You'll have to use your own judgement on substituting for alcohol in recipes. Sweet recipes will require different substitutions than savory. Amounts will also make a difference. You wouldn't want to use a quarter cup of almond extract (which also contains alcohol) to replace the same amount of Amaretto liqueur. Remember, the final product will not be exactly the same, but it should still be tasty.
Look at the main ingredients of your recipe. Usually the main liquid ingredient can be increased to make up a small amount of an alcoholic ingredient you leave out. If the amount is less than a tablespoon, it can probably be omitted completely without any replacement.
Any variety of juices and/or tomato juice can often be substituted in marinades. The acidic component of the juice replaces the alcohol in breaking down the fibers in meat and making it more tender.

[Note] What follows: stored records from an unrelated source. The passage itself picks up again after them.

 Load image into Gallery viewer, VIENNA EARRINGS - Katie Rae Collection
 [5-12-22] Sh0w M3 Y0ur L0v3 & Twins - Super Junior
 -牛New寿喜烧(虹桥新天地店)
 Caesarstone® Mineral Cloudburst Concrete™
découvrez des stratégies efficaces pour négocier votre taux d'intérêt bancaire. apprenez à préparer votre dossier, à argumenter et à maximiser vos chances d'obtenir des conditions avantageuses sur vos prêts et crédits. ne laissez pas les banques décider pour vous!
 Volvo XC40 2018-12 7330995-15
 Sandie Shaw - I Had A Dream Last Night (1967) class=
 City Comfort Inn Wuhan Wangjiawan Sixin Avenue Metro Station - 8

Extracts, flavorings, syrups and juices can be substituted for flavor-based liquors and liqueurs. They will usually need to be diluted. Remember that extracts contain alcohol, too. If a large amount of an extract is called for, be safe and buy alcohol-free extracts at a specialty store such as Whole Foods or Central Market (Frontier brand). They are manufactured using glycerin instead of alcohol.

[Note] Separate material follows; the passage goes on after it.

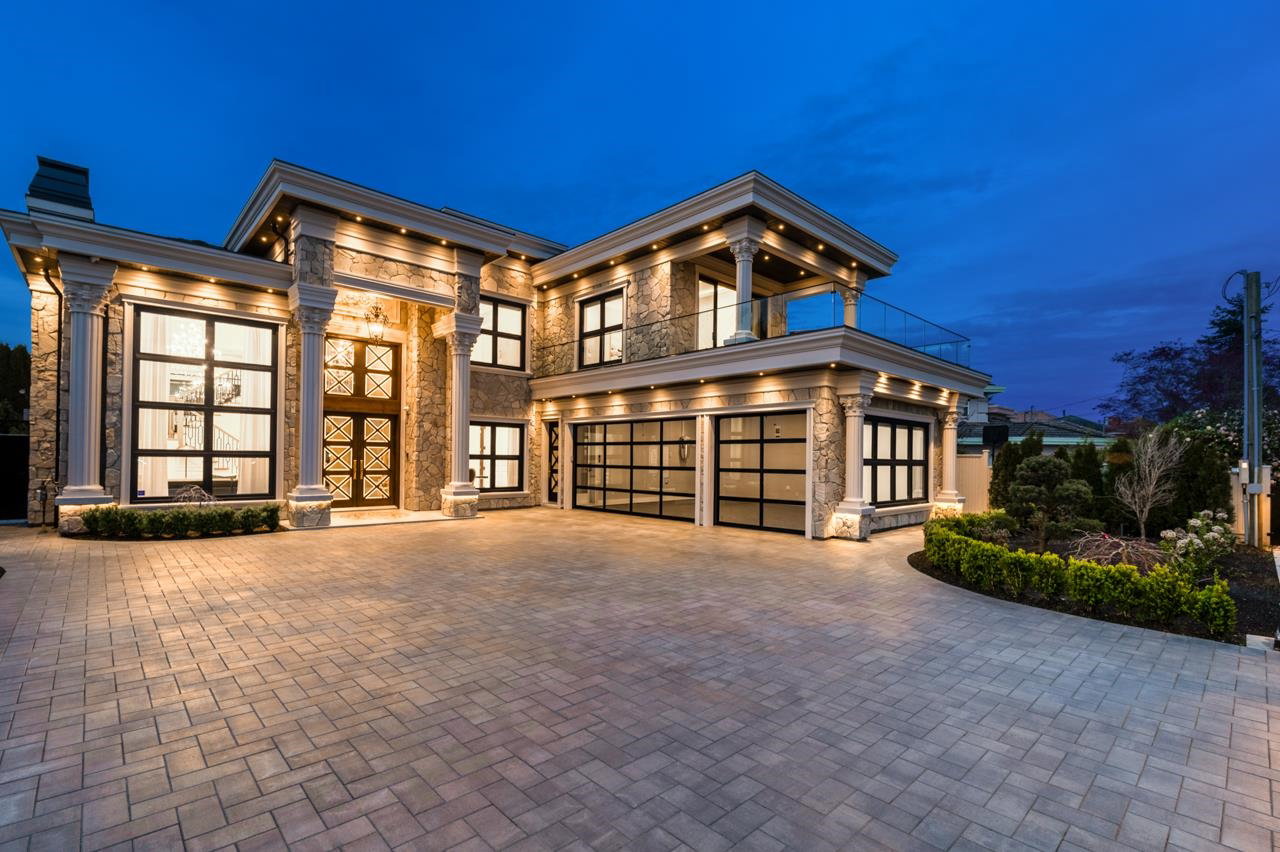Image of home for listing MLS® R3173865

Non-alcoholic wine or wine vinegar can be substituted for wine. Use non-alcoholic wines over cooking wine or sherry. The cooking wines and sherries are loaded with sodium which detracts from flavor and adds a salty flavor to the food. Tomato sauce or juice combined with Worcestershire sauce or soy sauce can work as a substitute for many robust liquors.
If the alcoholic ingredient in the recipe is intended to be the main flavor, find another recipe. It just will taste too different if you eliminate the alcohol.